▶ [Work task]:
Beginning with the line that holds "Christmas tree print" and ending with the last line below, please copy every line exactly, add nothing, and leave out the pictures.

▶ [Data segment]:
_ _ _
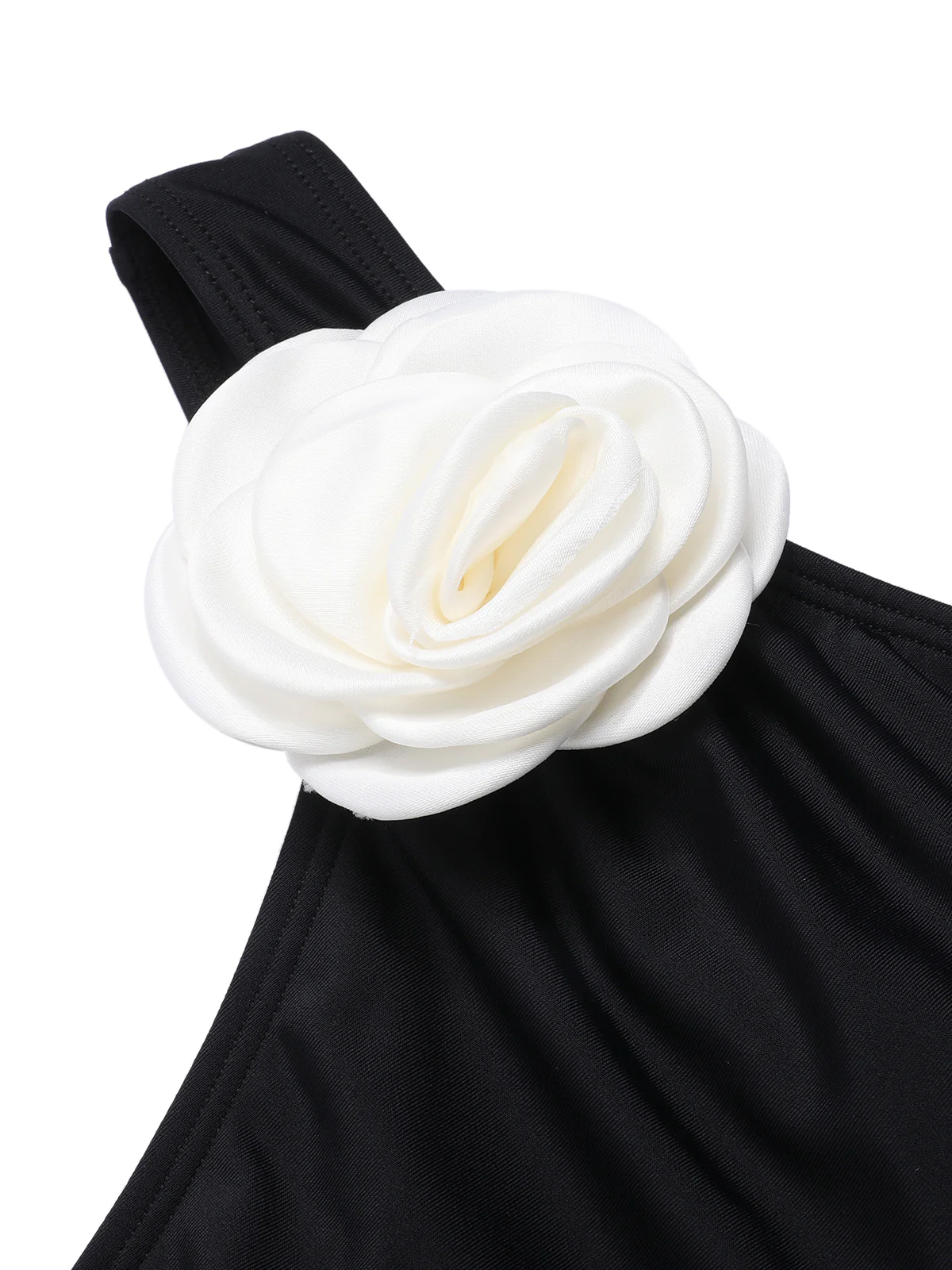 Black 1970s 3D Flower One-Shoulder Swimsuit - Image 4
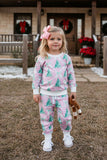 Christmas tree print pink long sleeve sweatshirt & pant girls boutique set 2601109M 8S7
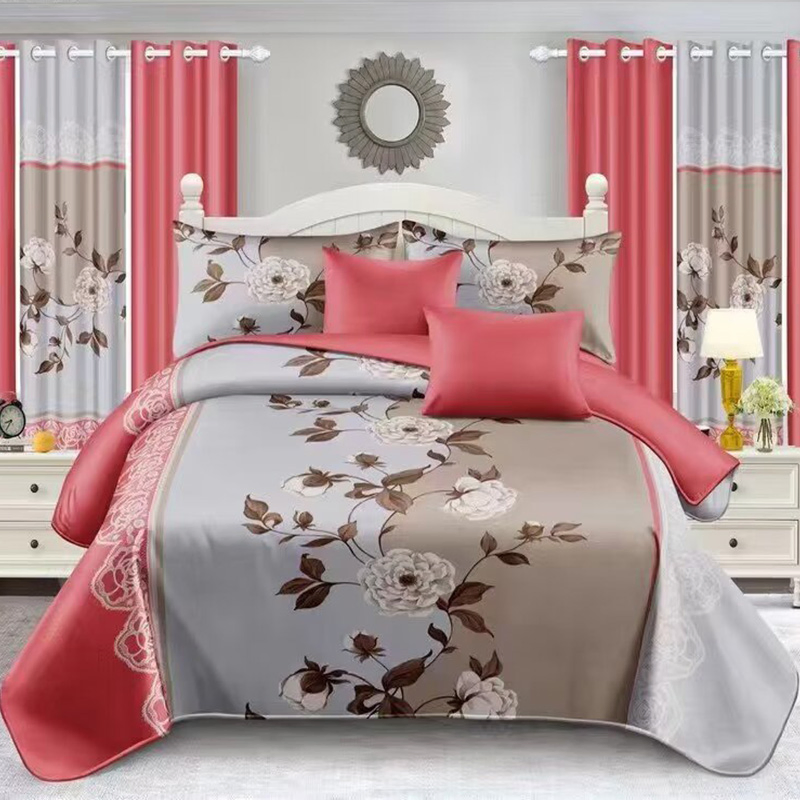 High Class Red Rose Printed Pillowcases Bed Sheet Light-Industry-Daily-Use Pillow Shams Quilted Bedcover Coverlets Microfiber Comforter Cover Bedspread Set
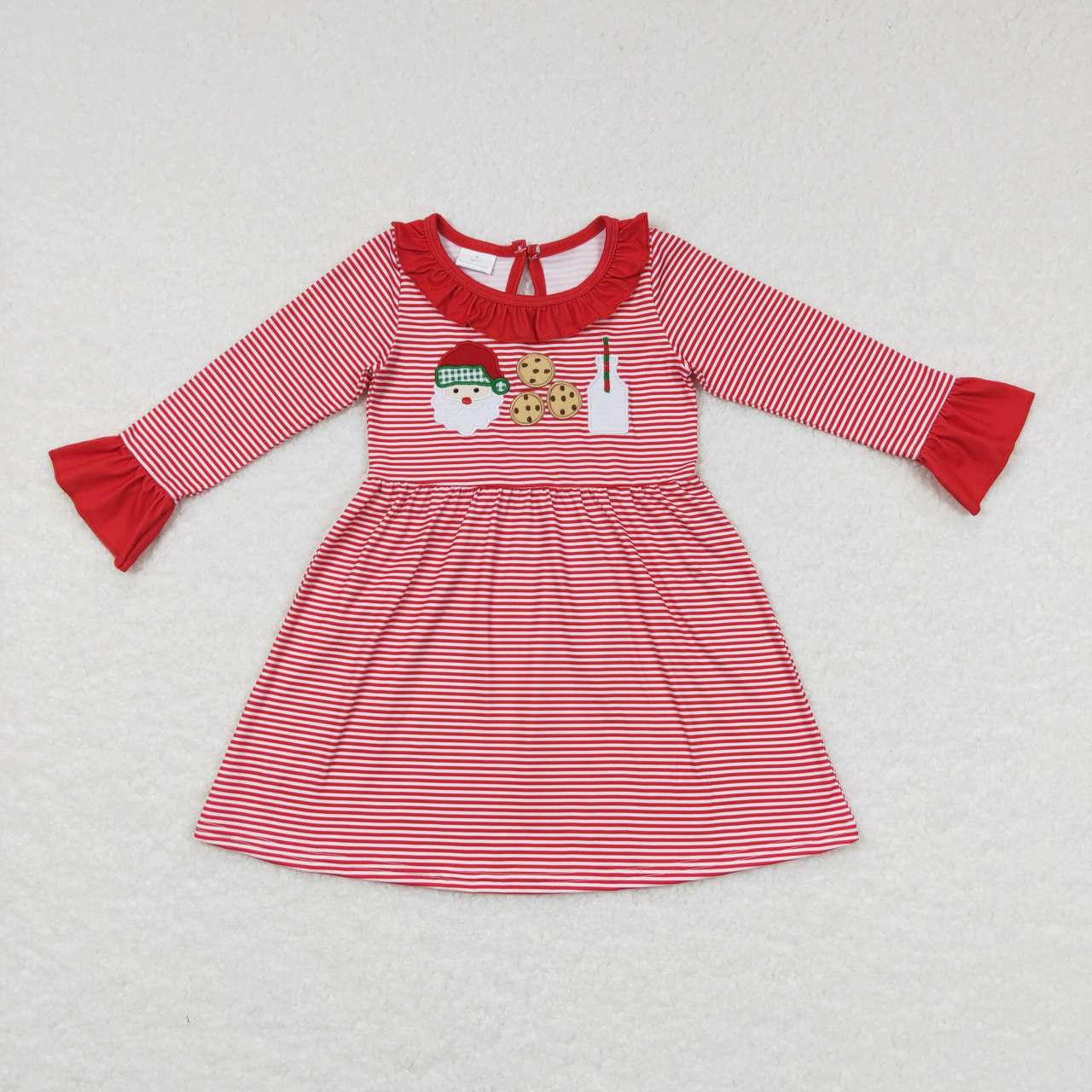 GLD0411 Santa Cookie Milk Embroidery Red Stripes Print Girls Christmas Knee Length Dress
_ _ _
▶ [Finished task]:
 Christmas tree print pink long sleeve sweatshirt & pant girls boutique set 2601109M 8S7
 High Class Red Rose Printed Pillowcases Bed Sheet Light-Industry-Daily-Use Pillow Shams Quilted Bedcover Coverlets Microfiber Comforter Cover Bedspread Set
 GLD0411 Santa Cookie Milk Embroidery Red Stripes Print Girls Christmas Knee Length Dress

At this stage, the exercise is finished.